Lincoln was himself a patent lawyer. He won an unreported patent infringement case for the defendant early in his legal career titled Parker v. Hoyt. A jury found that his client's waterwheel did not infringe the intellectual property rights of another. A large professional fee, one of his largest, came from working on the "Reaper Case" of McCormick v. Manny and being successful with its outcome. He was co-counsel for the defendant with two aggressive and preeminent Pennsylvania patent attorneys, George Harding, and Edwin M. Stanton. Although Lincoln was prepared and well-paid, his co-counsel thought him too naive and unsophisticated to be allowed to present the argument by himself. He went home unheard, however Manny won the case in an opinion authored by Supreme Court Justice John McLean. Upon Lincoln's taking office, he offered Harding the opportunity to become Commissioner of Patents, which was refused. He later offered the job and position of the United States Secretary of War to Stanton, who accepted and served. Lincoln's final patent case was Dawson v. Ennis. It occurred between his presidential nomination and the election. His electoral triumph was juxtaposed with a litigation loss for his client.
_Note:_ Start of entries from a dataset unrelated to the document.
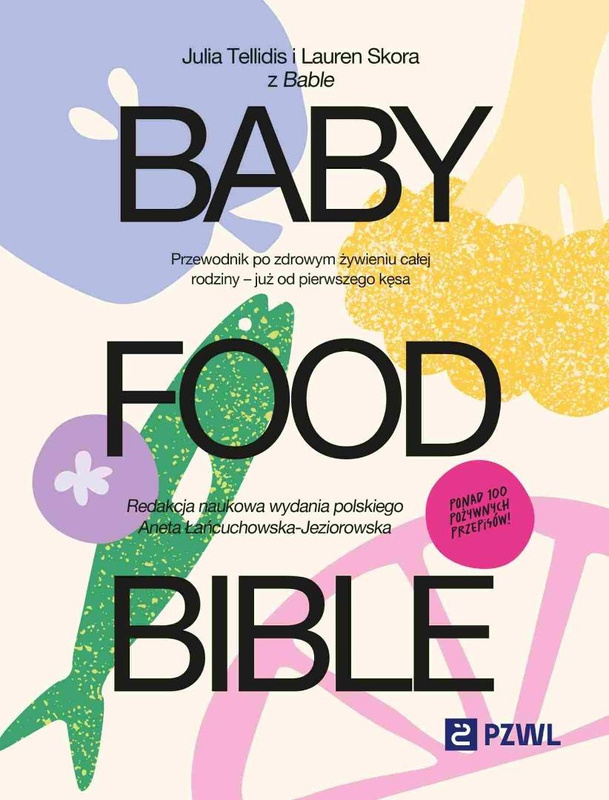 Baby Food Bible. Przewodnik po zdrowym żywieniu, Julia Tellidis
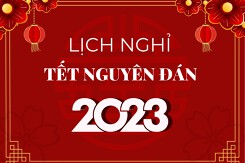 Lịch nghỉ Tết Nguyên đán 2023 theo đề xuất mới nhất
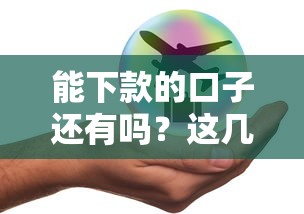 能下款的口子还有吗？这几个平台审核快、额度高！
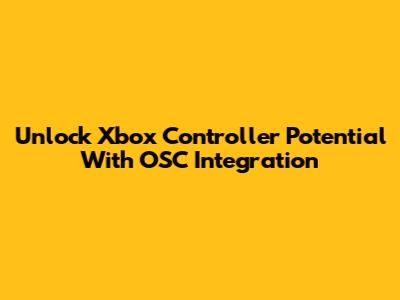 Unlock Xbox Controller Potential With OSC Integration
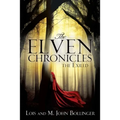 The Elven Chronicles: The Exiled - Paperback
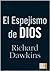 El espejismo de Dios by Richard Dawkins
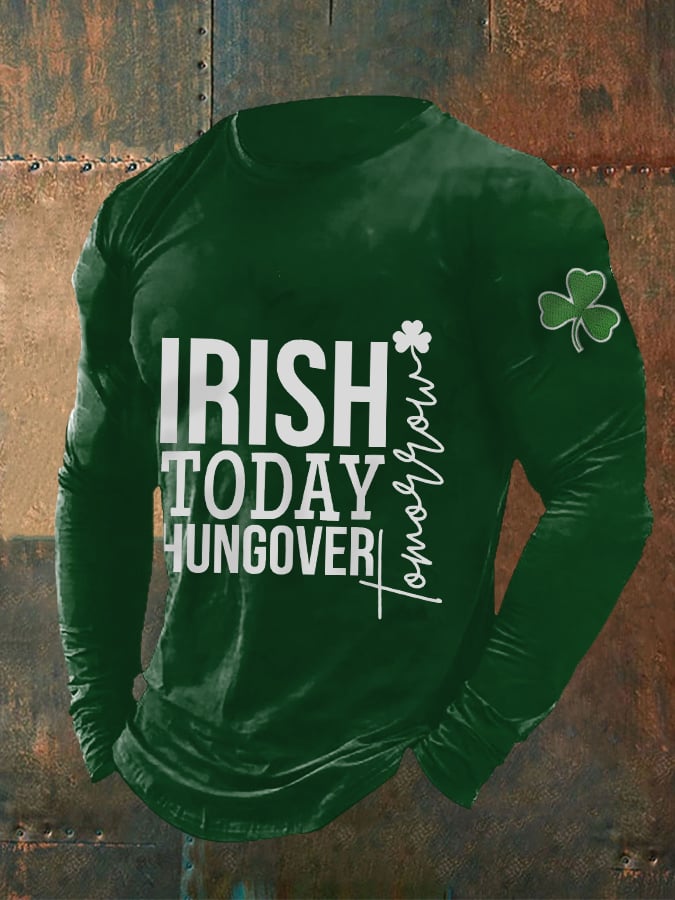 Men's St. Patrick's Day "Irish Today Hungover Tomorrow" printed casual long-sleeved T-shirt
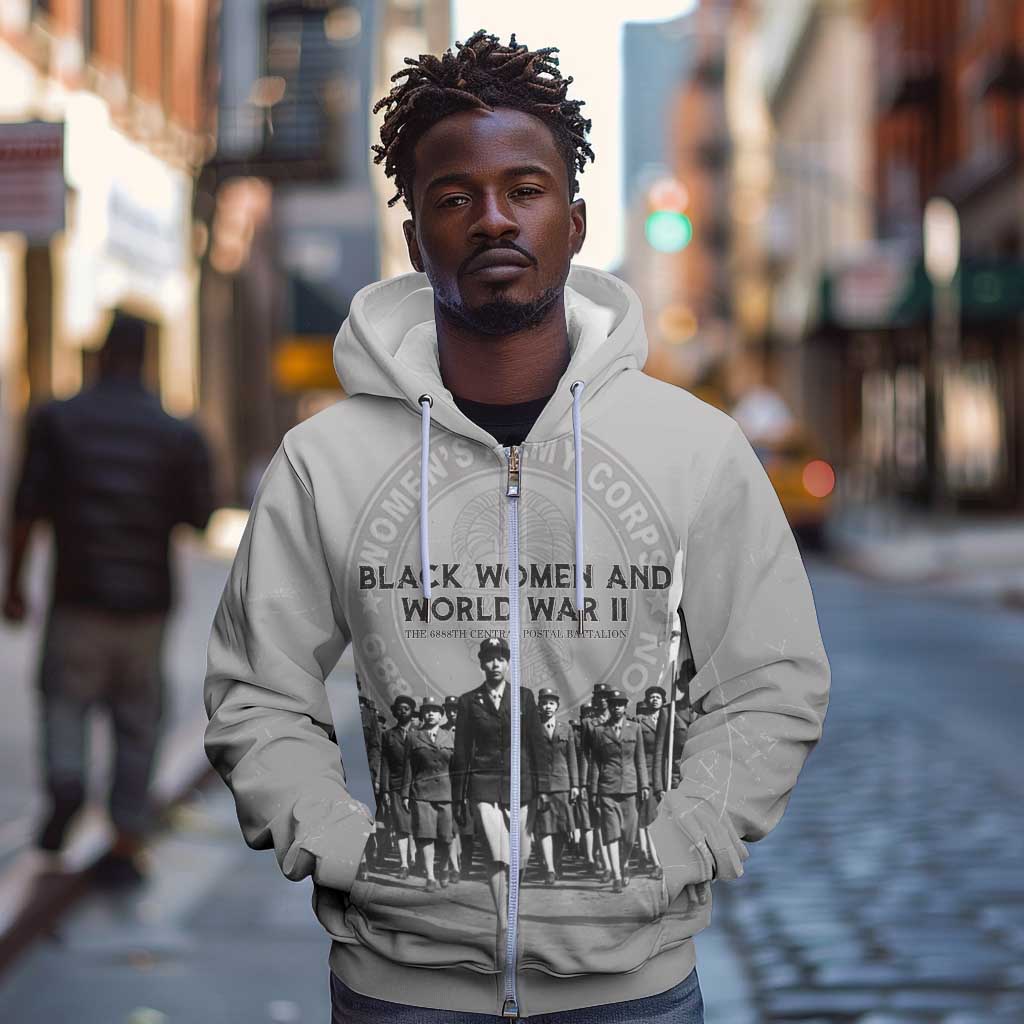 Black Women of World War II Zip Hoodie 6888th Central Postal Directory Battalion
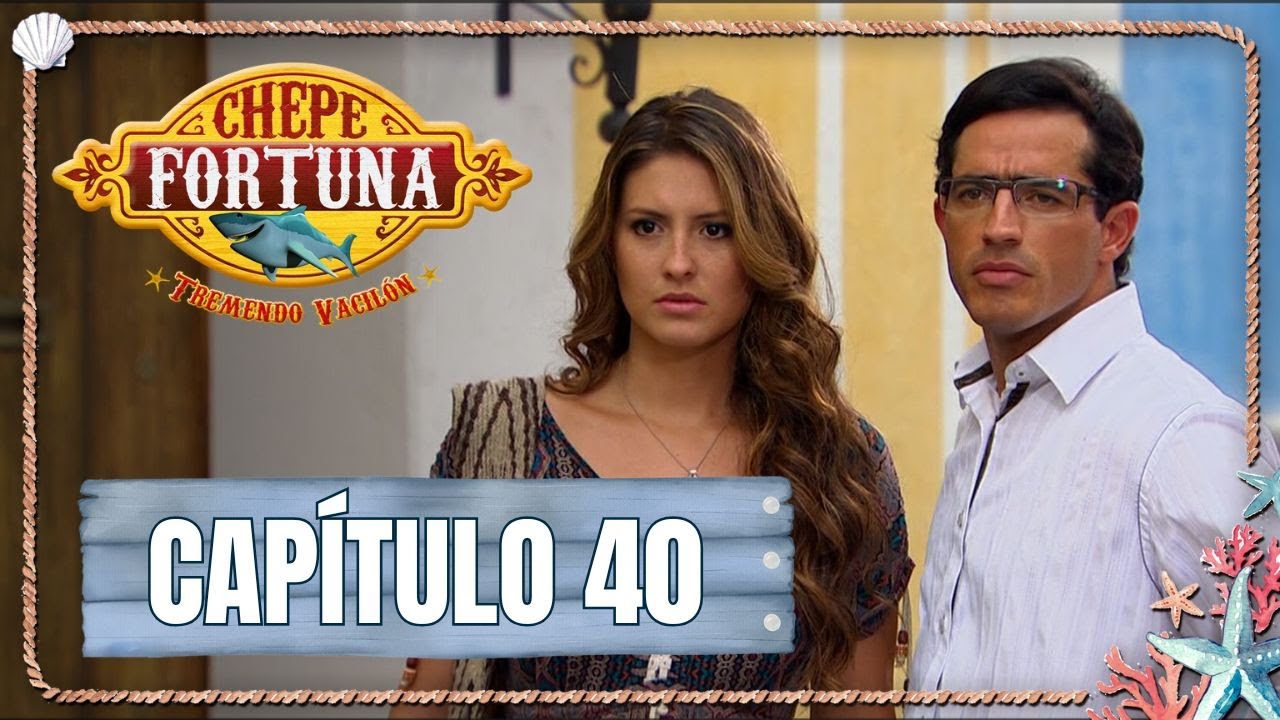 Chepe Fortuna Capítulo 40: Chepe y Aníbal en conflicto por Herlinda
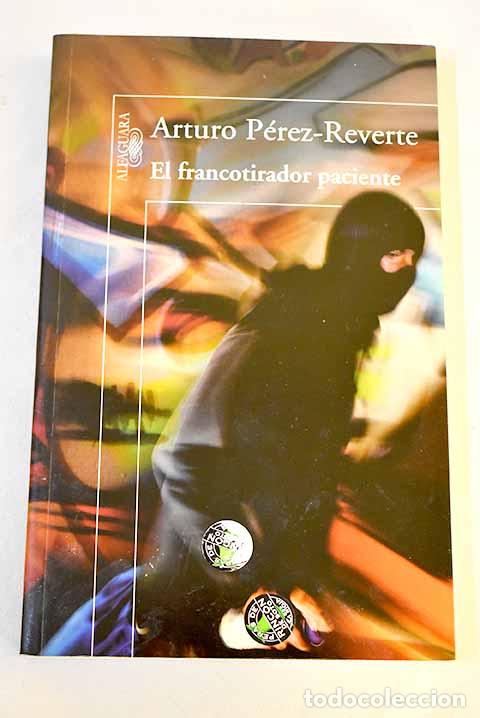 Libros: El francotirador paciente.- P&eacute;rez-Reverte, Arturo
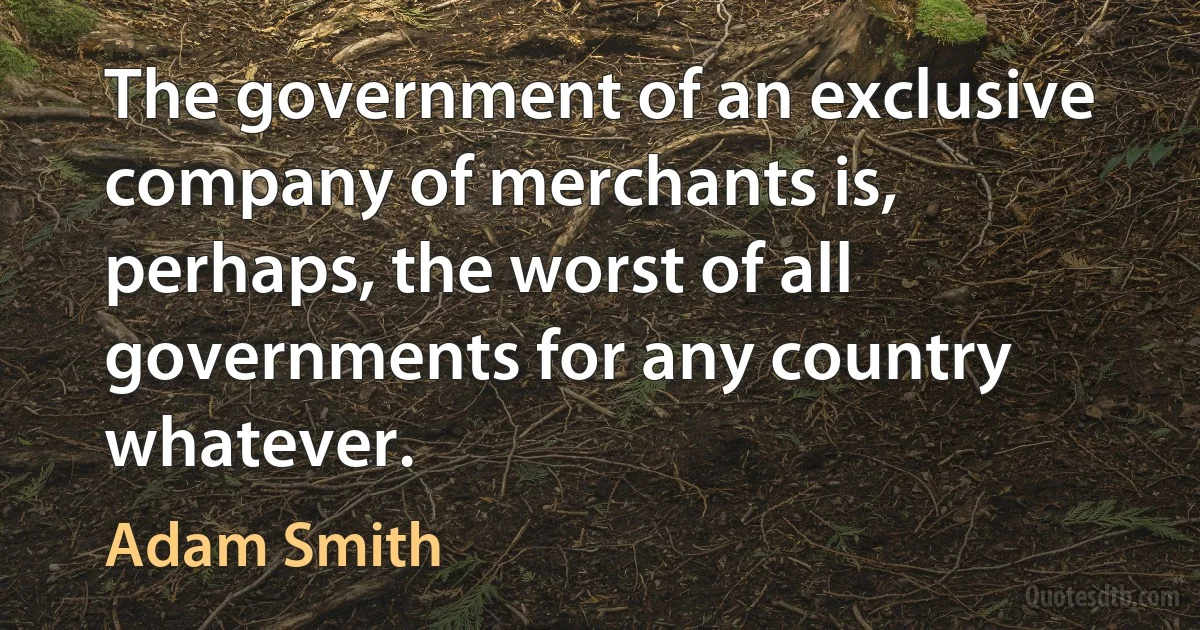 The government of an exclusive company of merchants is, perhaps, the worst of all governments for any country whatever. (Adam Smith)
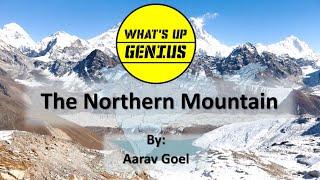 The Northern Mountains | Grade 5| Aarav Goel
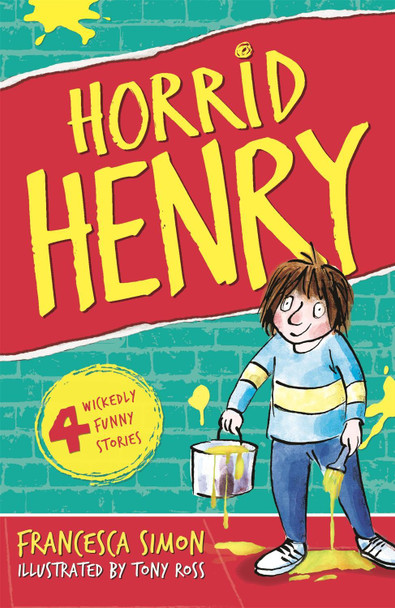 Horrid Henry: Book 1 Francesca Simon 9781444013849 Horrid Henry: Book 1 Francesca Simon 9781444013849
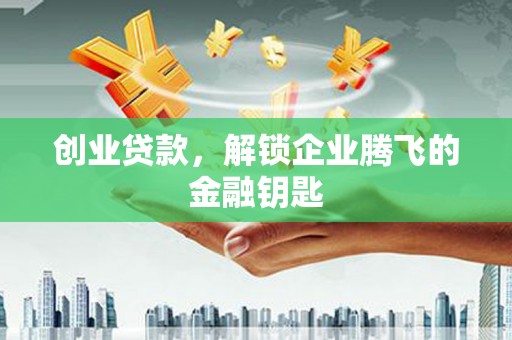 南城创业贷款，解锁企业腾飞的金融钥匙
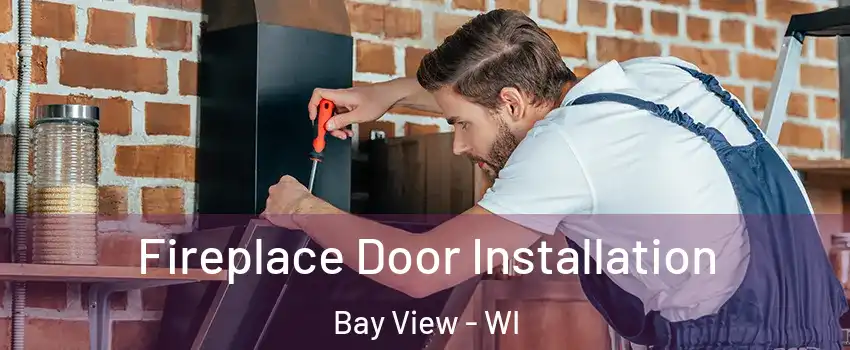 Fireplace Door Installation Bay View - WI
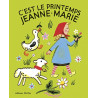 C'est le printemps Jeanne-Marie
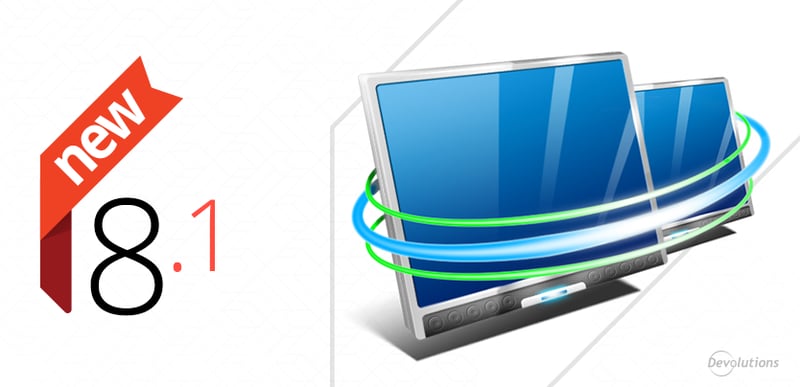 Remote Desktop Manager version 8.1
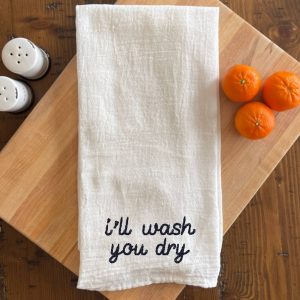 I'll Wash You Dry Embroidered Tea Towel Dish Towel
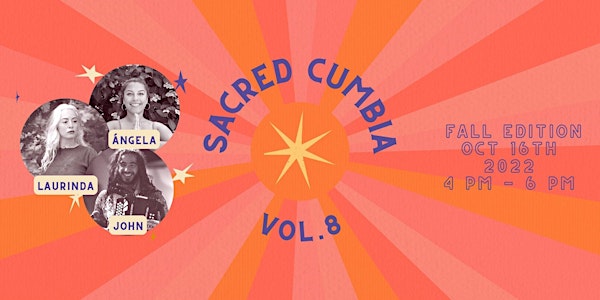 Sacred Cumbia Vol. 8 Fall Edition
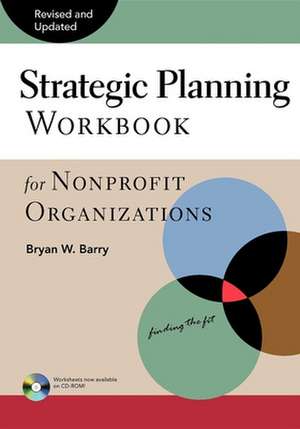 Strategic Planning Workbook for Nonprofit Organizations, Revised and Updated de Bryan W. Barry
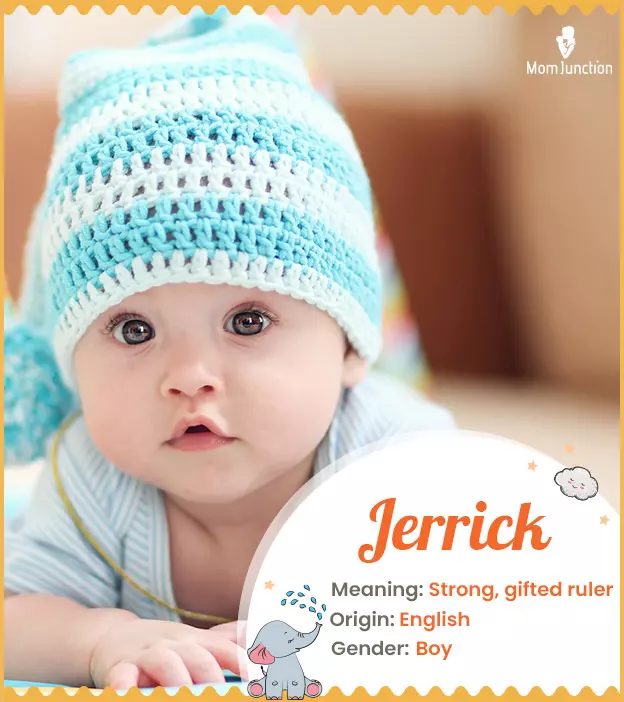 Jerrick, a strong, g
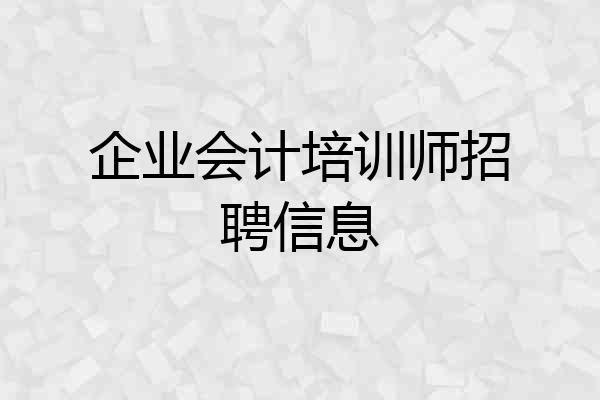 企业会计培训师招聘信息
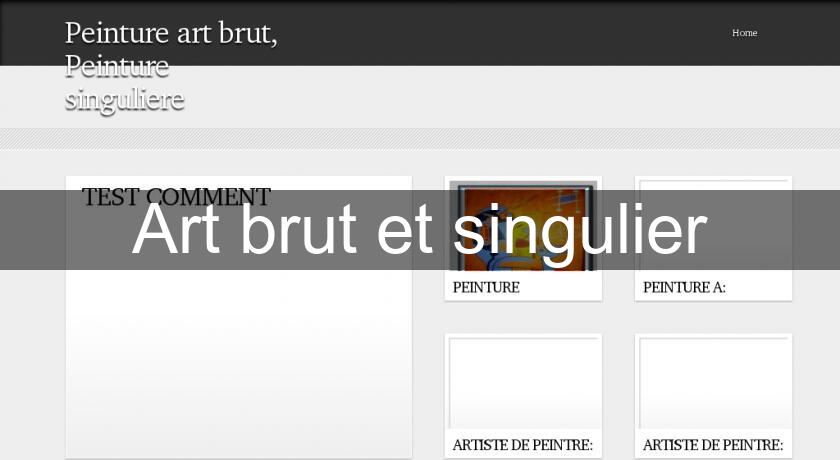 Art brut et singulier Art brut et singulier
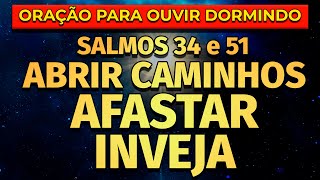 Abrir Caminhos E Afastar Inveja Salmos 34 E 51 Para Ouvir Dormindo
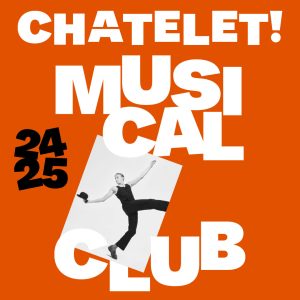 L’AICOM éclaire le Châtelet : Du Musical Club aux Misérables en scène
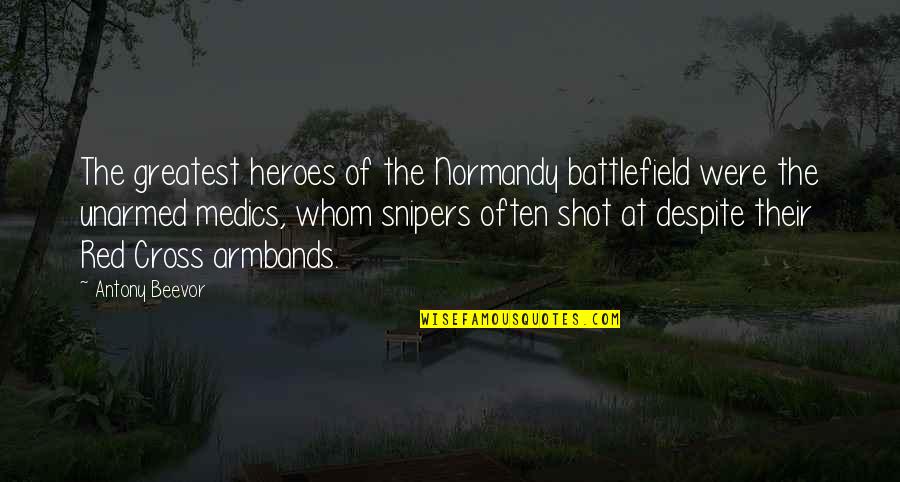 Beevor Quotes By Antony Beevor: The greatest heroes of the Normandy battlefield were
The original 1846 patent drawing was discovered in the Patent and Trademark Office of the director in 1997. Its only omission is the usually required inventor's signature in a lower corner. The Smithsonian Institution acquired about 10,000 patent models, including Lincoln's. The Engineering Collection includes about 75 maritime inventions; its Maritime Collections holds a replica, the original being deemed too delicate to loan out. The Smithsonian department of maritime history Historical Collections Department retains a duplicate of the original patent papers.